TASK OBJECTIVE:
Look in the data below for the line that has "Used 2018 GMC", then print exactly every line from there through the line that has "쿠팡 견제 나선 CJ대한통운, 주 7일 배송에 택배기사들 이견", leaving pictures out.

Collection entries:

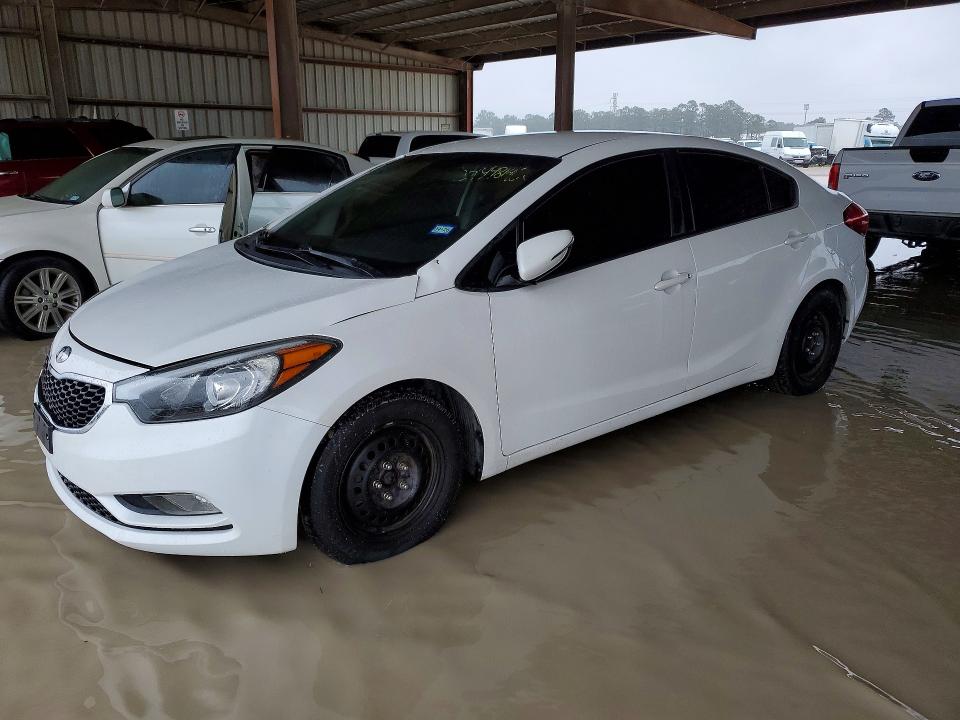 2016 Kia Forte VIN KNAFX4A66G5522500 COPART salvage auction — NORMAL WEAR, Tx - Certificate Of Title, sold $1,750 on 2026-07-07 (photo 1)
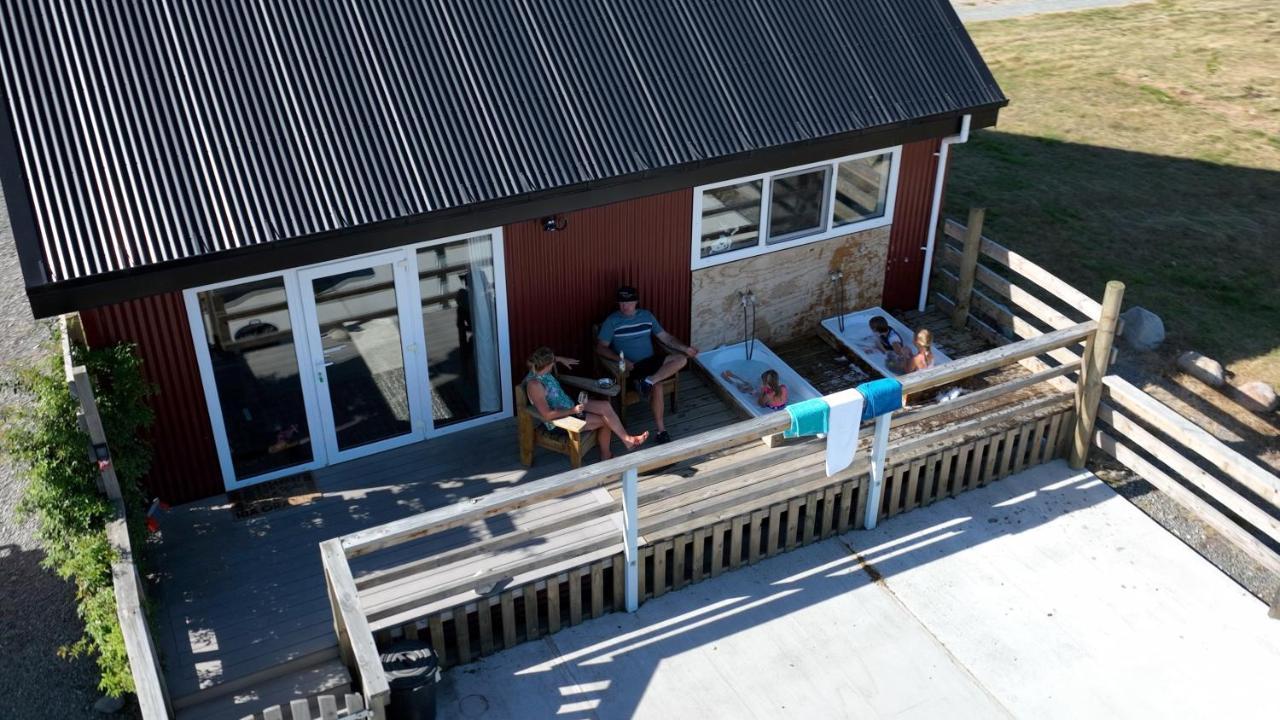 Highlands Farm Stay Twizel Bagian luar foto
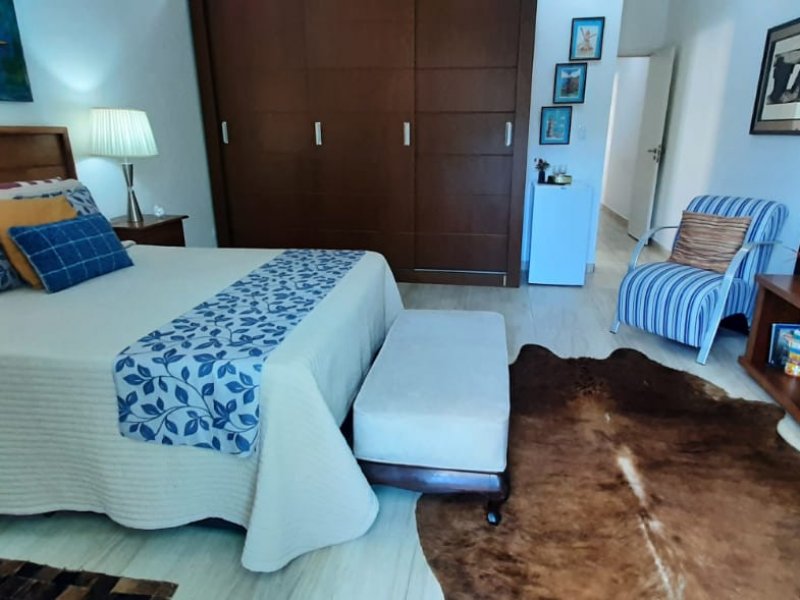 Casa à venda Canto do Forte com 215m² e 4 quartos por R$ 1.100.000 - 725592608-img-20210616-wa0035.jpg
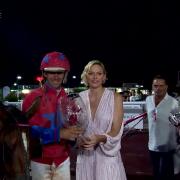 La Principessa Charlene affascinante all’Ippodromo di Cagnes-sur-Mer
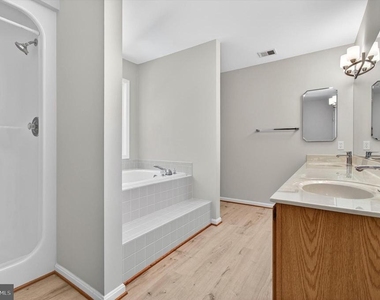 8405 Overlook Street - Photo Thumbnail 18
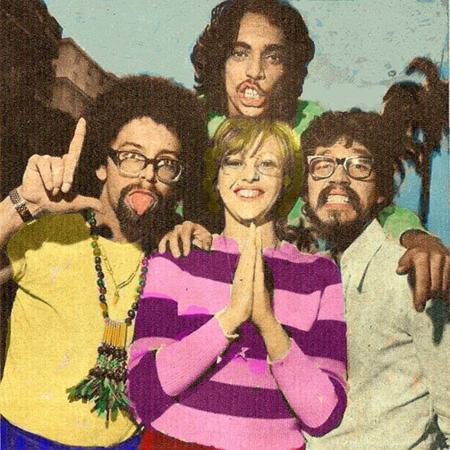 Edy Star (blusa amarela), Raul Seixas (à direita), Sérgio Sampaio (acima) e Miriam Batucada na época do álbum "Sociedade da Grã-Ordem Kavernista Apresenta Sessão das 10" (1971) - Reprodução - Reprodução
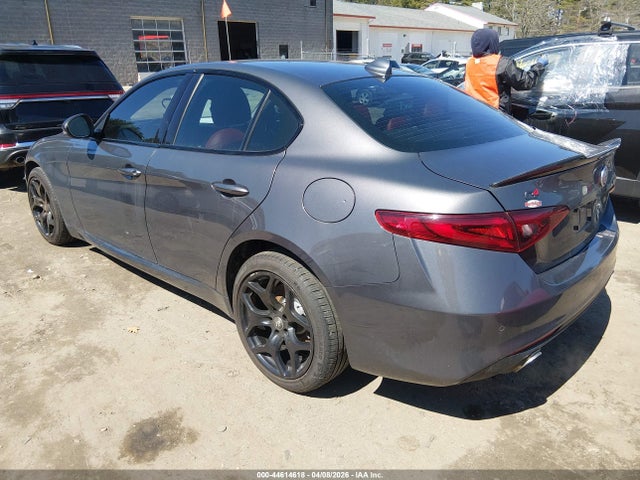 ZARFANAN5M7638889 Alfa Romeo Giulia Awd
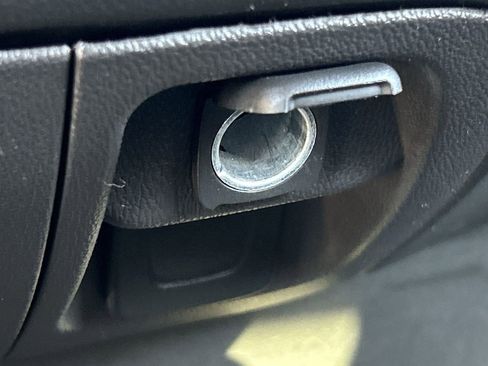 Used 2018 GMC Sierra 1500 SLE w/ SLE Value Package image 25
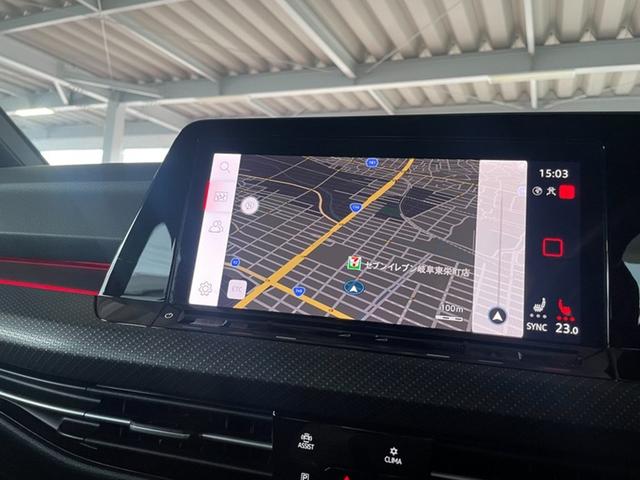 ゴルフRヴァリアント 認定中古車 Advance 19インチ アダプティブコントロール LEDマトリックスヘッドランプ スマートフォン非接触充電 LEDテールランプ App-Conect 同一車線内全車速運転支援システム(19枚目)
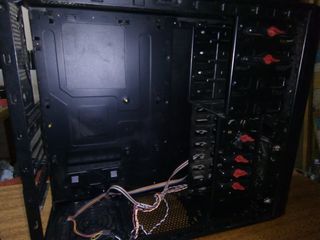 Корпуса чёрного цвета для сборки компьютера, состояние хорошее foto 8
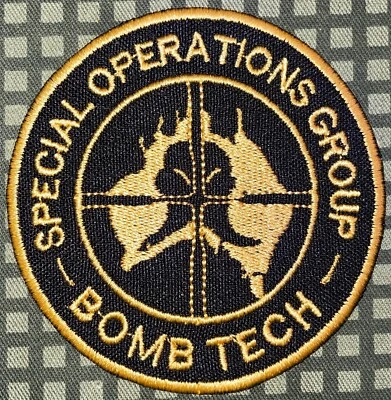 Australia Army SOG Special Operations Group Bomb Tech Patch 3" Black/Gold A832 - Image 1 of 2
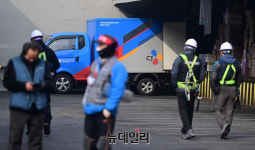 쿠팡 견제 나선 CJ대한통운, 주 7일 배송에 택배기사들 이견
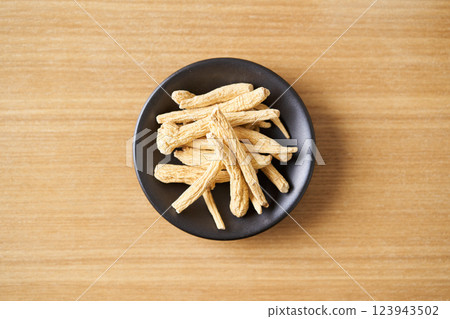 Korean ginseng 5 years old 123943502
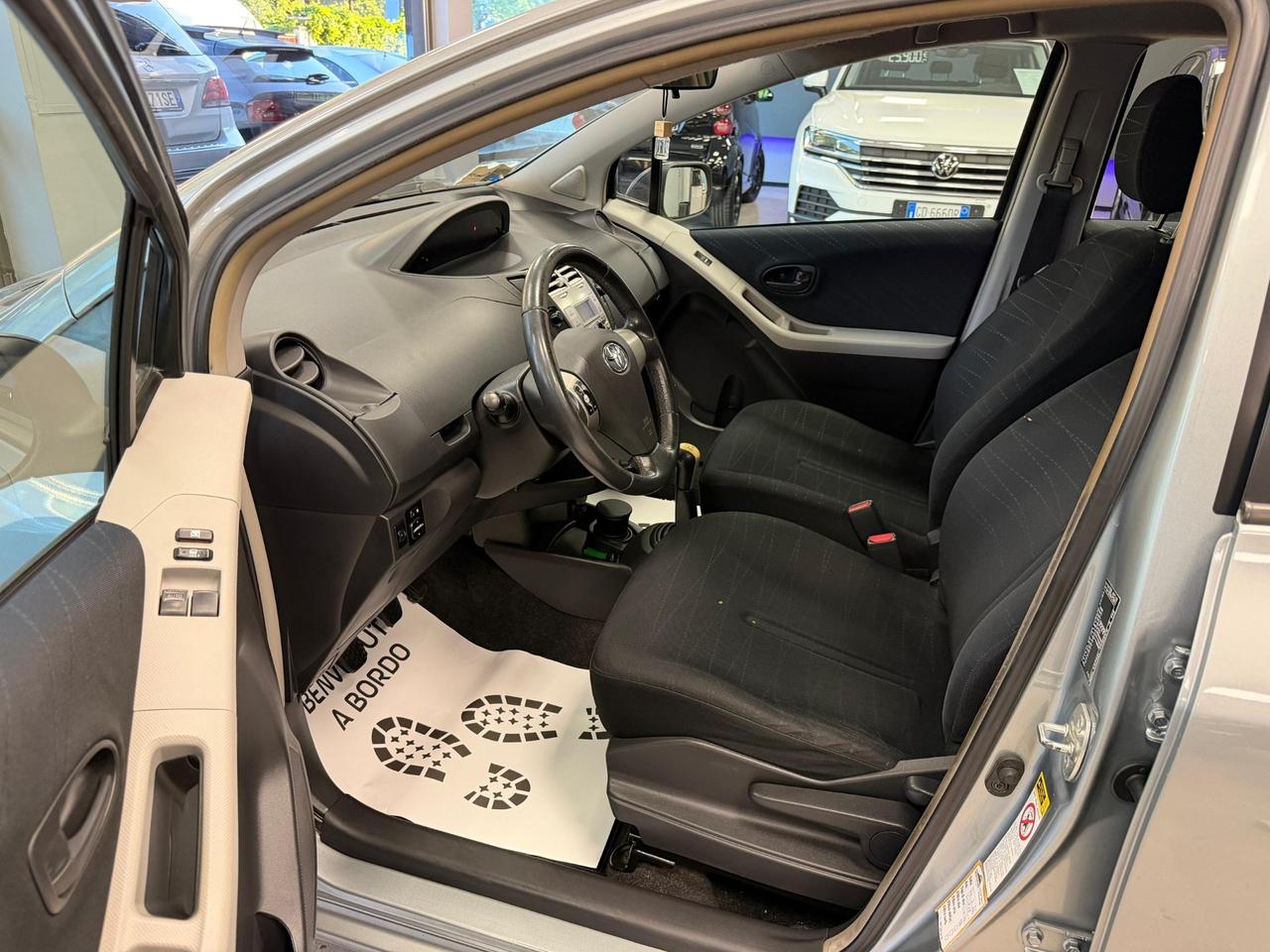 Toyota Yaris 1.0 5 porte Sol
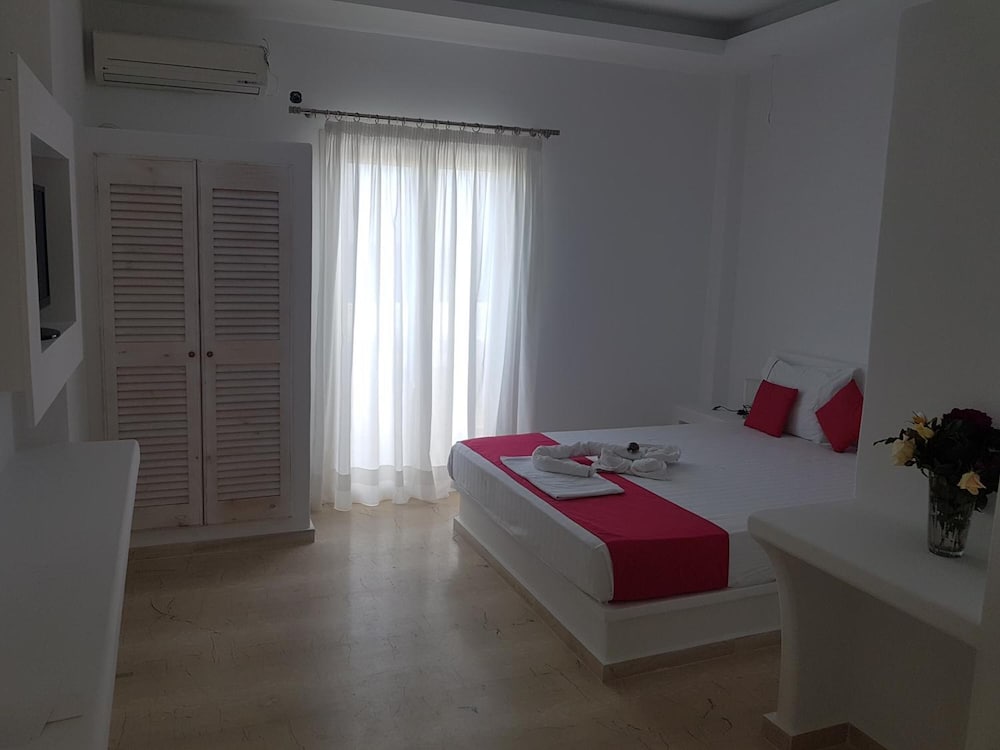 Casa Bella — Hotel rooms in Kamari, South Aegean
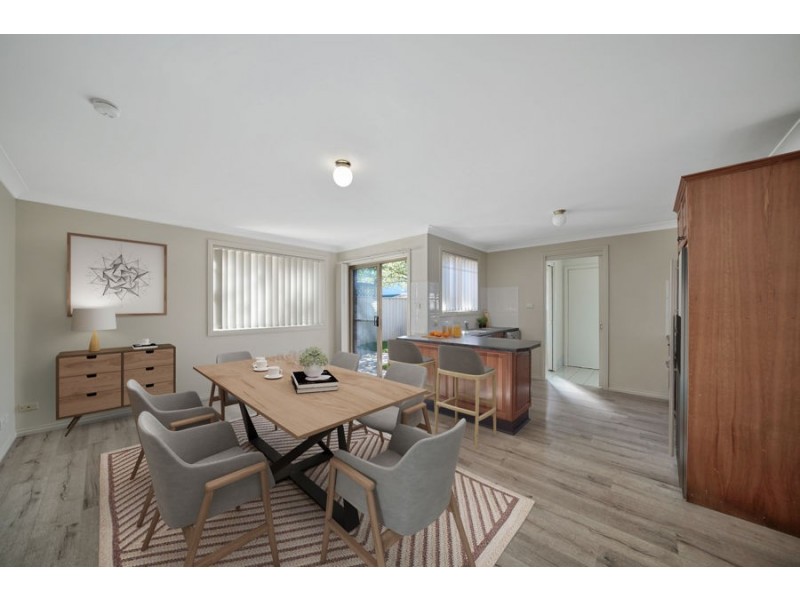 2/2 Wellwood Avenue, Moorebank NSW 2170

EXPECTED OUTPUT:
 Used 2018 GMC Sierra 1500 SLE w/ SLE Value Package image 25
 ゴルフRヴァリアント 認定中古車 Advance 19インチ アダプティブコントロール LEDマトリックスヘッドランプ スマートフォン非接触充電 LEDテールランプ App-Conect 同一車線内全車速運転支援システム(19枚目)
 Корпуса чёрного цвета для сборки компьютера, состояние хорошее foto 8
 Australia Army SOG Special Operations Group Bomb Tech Patch 3" Black/Gold A832 - Image 1 of 2
 쿠팡 견제 나선 CJ대한통운, 주 7일 배송에 택배기사들 이견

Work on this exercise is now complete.